**PROBLEM REQUIREMENTS**.
Give again, word for word, every line in the entries below from the line with "オルゴール 米津玄師 Lemon / グランドピアノ 型 オルゴール" up to and including the line with "Εξαφανίστηκε 15χρονος στη", and no other line.

**RECORD EXCERPTS**.
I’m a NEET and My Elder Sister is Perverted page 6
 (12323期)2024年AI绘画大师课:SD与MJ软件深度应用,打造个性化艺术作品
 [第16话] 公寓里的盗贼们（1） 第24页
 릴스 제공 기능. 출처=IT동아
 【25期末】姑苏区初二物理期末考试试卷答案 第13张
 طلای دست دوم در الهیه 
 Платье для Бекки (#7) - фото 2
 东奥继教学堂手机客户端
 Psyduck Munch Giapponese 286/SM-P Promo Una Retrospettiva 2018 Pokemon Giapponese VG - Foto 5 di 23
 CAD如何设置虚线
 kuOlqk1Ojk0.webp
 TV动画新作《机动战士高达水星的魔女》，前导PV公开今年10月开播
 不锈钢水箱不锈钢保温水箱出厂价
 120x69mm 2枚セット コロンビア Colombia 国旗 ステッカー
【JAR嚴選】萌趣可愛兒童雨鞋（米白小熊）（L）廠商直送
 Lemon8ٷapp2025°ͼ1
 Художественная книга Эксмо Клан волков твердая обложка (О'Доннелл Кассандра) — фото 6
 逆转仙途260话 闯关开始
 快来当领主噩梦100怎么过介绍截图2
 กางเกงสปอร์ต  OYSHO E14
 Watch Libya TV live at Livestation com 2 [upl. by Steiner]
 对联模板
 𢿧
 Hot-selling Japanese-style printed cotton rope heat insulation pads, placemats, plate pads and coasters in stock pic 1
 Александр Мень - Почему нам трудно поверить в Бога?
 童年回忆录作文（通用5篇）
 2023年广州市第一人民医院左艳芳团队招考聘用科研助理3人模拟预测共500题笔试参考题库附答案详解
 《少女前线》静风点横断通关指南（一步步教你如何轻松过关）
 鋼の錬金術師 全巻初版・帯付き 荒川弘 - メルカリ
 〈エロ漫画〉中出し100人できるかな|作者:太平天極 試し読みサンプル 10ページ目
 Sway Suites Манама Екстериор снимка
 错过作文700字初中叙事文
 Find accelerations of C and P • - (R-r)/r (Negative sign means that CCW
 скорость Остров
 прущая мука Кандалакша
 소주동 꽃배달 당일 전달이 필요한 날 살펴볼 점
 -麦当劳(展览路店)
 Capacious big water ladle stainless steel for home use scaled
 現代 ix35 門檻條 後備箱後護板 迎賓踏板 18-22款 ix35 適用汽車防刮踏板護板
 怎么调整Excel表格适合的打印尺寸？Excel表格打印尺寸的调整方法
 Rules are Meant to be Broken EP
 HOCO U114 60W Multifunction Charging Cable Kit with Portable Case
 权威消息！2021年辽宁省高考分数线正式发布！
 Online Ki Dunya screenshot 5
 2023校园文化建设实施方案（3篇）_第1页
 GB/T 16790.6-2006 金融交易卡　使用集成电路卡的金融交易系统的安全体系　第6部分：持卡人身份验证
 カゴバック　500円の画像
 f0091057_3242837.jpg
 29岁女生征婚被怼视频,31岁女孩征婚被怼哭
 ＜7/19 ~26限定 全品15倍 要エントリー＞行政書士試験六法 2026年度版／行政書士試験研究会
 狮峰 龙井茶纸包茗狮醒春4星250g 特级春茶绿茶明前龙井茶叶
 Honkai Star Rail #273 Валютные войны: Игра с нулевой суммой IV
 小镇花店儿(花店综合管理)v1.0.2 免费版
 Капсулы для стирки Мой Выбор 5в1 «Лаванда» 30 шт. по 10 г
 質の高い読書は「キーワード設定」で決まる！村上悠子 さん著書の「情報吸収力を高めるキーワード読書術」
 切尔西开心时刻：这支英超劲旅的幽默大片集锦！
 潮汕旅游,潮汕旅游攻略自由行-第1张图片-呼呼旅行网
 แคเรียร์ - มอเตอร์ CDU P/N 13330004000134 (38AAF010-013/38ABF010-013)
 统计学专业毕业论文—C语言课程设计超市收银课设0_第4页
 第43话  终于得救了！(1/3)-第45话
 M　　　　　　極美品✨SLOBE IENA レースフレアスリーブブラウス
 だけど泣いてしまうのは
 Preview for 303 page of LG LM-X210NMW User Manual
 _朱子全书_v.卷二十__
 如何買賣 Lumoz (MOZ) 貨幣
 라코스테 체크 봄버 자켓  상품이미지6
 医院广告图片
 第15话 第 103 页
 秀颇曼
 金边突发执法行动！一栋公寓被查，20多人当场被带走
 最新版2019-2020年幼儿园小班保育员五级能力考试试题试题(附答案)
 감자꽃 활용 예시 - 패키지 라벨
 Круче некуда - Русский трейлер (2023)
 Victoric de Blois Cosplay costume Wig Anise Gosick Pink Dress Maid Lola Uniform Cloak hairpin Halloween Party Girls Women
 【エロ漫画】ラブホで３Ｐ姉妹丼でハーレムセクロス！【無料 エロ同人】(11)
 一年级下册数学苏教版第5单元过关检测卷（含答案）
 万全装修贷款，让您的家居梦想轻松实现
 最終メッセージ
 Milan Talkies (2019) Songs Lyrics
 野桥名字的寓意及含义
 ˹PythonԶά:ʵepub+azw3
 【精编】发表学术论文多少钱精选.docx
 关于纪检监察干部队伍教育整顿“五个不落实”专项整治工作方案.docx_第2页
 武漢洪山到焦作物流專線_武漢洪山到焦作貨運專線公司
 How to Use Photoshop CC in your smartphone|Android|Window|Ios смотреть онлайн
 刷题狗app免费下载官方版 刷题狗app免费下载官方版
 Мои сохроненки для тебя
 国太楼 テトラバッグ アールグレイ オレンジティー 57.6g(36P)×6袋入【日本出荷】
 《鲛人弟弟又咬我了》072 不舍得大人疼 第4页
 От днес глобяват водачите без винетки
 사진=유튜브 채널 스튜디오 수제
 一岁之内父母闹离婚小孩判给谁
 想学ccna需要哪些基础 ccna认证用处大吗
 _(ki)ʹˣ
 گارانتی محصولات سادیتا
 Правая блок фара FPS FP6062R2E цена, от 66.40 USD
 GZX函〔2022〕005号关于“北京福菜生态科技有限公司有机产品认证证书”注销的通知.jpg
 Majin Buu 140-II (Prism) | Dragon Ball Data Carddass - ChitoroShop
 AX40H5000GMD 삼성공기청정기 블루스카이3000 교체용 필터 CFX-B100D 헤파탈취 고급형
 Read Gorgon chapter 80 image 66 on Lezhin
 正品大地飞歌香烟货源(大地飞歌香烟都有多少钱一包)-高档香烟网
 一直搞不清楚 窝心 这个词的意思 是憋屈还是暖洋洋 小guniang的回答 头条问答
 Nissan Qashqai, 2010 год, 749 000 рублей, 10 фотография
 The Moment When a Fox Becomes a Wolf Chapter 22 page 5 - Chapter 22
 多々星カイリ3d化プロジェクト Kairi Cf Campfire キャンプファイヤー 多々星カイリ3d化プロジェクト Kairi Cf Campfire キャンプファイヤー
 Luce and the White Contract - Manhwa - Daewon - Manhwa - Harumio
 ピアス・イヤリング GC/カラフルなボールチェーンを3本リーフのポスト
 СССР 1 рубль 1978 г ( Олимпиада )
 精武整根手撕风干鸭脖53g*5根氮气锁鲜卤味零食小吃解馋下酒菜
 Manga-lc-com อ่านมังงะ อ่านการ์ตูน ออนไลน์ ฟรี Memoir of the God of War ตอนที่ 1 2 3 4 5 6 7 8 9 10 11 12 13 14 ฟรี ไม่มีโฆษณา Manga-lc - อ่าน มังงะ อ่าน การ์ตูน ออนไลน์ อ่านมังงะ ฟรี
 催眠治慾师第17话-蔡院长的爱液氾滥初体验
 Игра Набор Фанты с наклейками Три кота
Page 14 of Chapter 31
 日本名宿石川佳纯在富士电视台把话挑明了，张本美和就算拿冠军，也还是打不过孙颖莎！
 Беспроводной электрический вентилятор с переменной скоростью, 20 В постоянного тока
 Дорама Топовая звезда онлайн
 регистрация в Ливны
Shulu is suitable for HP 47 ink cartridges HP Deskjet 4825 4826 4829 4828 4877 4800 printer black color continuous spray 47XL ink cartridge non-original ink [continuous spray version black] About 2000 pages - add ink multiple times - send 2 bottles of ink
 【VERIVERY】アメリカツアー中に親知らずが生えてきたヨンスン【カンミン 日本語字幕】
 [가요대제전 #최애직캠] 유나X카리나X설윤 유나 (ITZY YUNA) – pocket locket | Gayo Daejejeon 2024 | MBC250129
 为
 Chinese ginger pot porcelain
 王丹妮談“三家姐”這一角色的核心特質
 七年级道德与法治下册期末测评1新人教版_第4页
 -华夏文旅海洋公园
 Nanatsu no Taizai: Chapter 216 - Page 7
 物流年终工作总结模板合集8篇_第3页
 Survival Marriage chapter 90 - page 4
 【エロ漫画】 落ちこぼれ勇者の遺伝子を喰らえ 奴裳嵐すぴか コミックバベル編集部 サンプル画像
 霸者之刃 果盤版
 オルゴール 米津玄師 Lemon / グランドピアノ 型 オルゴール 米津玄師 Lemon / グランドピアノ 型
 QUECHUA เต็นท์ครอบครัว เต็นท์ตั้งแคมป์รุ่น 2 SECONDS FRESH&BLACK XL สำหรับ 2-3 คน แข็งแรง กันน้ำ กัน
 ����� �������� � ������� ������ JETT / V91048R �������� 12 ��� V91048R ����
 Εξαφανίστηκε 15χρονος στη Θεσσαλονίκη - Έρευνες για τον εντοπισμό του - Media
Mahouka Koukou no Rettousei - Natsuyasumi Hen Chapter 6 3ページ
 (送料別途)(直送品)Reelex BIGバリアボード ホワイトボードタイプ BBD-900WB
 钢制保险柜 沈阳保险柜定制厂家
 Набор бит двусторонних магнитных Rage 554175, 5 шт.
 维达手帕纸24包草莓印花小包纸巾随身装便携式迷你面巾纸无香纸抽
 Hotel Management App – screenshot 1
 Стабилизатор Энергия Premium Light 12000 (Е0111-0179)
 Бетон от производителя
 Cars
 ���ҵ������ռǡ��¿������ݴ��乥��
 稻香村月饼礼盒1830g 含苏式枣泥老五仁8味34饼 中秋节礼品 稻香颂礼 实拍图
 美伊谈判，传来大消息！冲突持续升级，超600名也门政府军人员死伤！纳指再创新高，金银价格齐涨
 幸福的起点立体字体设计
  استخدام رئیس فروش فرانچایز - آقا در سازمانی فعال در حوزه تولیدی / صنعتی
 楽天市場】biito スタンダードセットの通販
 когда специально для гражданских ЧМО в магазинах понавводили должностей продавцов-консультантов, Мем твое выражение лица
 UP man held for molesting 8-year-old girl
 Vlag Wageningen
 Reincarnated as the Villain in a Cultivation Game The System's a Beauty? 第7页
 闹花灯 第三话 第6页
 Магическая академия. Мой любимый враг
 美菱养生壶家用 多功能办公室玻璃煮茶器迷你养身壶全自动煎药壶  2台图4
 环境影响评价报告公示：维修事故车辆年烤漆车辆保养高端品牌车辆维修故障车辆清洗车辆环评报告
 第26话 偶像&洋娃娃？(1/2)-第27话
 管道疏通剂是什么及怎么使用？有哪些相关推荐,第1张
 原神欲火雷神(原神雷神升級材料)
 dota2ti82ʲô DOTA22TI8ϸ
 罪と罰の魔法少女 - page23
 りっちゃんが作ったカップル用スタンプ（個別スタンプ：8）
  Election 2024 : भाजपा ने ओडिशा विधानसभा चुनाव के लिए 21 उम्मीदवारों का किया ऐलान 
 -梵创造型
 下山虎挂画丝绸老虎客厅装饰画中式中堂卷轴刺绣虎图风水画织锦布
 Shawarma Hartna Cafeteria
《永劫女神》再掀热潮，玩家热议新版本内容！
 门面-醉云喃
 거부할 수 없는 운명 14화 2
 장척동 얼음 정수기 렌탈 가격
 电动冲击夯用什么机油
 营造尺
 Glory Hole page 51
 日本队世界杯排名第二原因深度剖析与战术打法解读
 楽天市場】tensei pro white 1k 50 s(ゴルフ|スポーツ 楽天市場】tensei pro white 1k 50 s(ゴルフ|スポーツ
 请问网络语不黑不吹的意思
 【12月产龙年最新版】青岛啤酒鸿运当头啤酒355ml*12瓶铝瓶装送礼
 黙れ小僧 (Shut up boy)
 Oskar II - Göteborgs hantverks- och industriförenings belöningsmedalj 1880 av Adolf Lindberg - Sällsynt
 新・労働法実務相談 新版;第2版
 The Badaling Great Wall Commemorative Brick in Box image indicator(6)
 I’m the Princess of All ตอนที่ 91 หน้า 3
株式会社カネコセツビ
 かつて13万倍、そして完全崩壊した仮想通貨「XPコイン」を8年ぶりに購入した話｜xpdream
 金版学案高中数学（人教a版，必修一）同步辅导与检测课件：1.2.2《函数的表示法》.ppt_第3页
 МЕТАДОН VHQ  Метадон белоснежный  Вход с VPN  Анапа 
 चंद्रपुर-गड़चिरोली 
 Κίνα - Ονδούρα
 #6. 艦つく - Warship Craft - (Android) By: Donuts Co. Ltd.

**OUTPUT OF THE EXERCISE**.
 オルゴール 米津玄師 Lemon / グランドピアノ 型 オルゴール 米津玄師 Lemon / グランドピアノ 型
 QUECHUA เต็นท์ครอบครัว เต็นท์ตั้งแคมป์รุ่น 2 SECONDS FRESH&BLACK XL สำหรับ 2-3 คน แข็งแรง กันน้ำ กัน
 ����� �������� � ������� ������ JETT / V91048R �������� 12 ��� V91048R ����
 Εξαφανίστηκε 15χρονος στη Θεσσαλονίκη - Έρευνες για τον εντοπισμό του - Media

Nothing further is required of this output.